==== SOURCE DATA

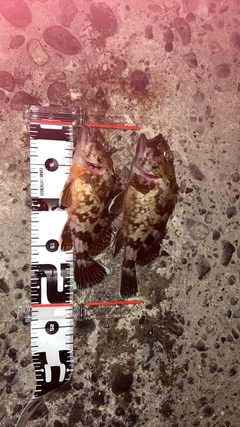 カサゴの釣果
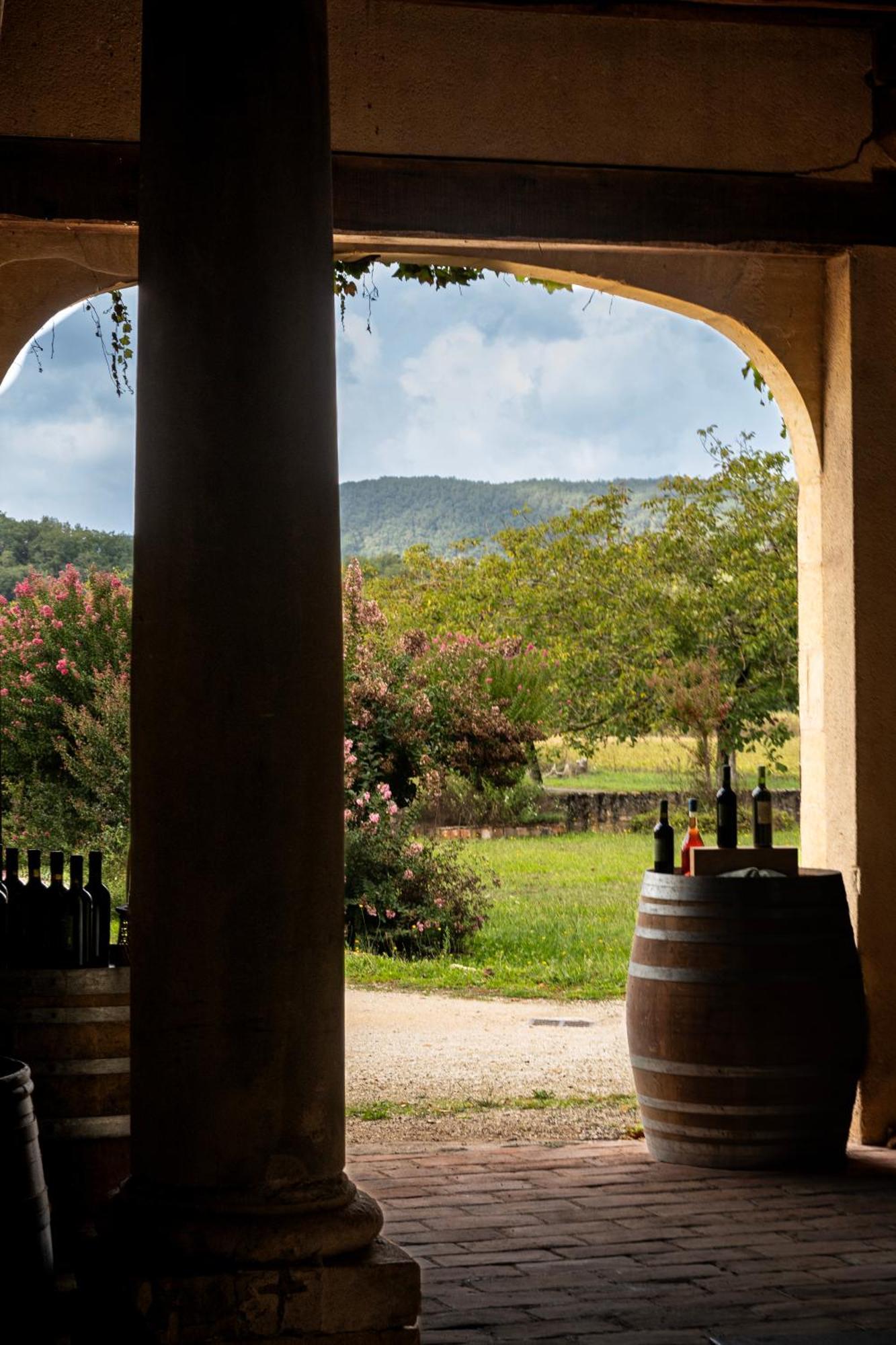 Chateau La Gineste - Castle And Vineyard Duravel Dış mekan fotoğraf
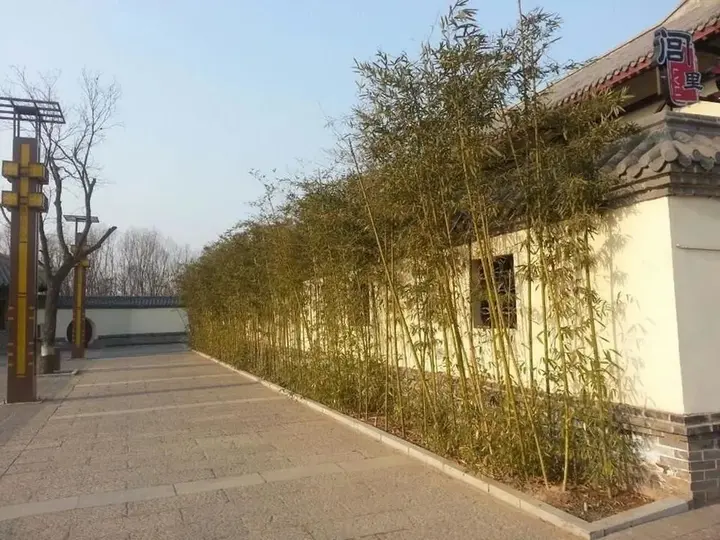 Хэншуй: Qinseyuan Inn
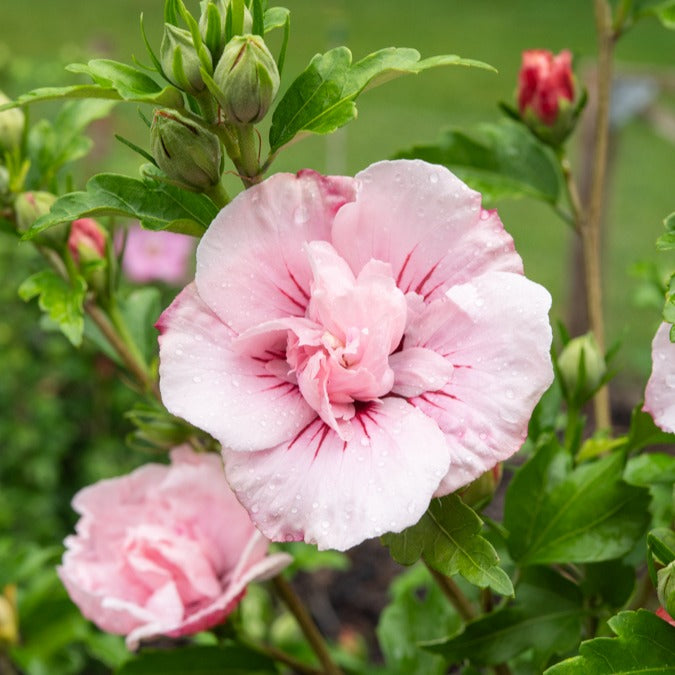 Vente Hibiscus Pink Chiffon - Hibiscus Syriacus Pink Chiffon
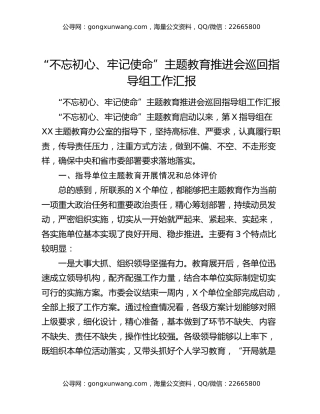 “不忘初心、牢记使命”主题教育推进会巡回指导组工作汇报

========

> [PROBLEM] From the line containing "Хэншуй: Qinseyuan Inn" down to the last line of the data, print every line exactly and nothing else. Pictures stay out of the copy.

> [TASK ANSWER]
 Хэншуй: Qinseyuan Inn
 Vente Hibiscus Pink Chiffon - Hibiscus Syriacus Pink Chiffon
 “不忘初心、牢记使命”主题教育推进会巡回指导组工作汇报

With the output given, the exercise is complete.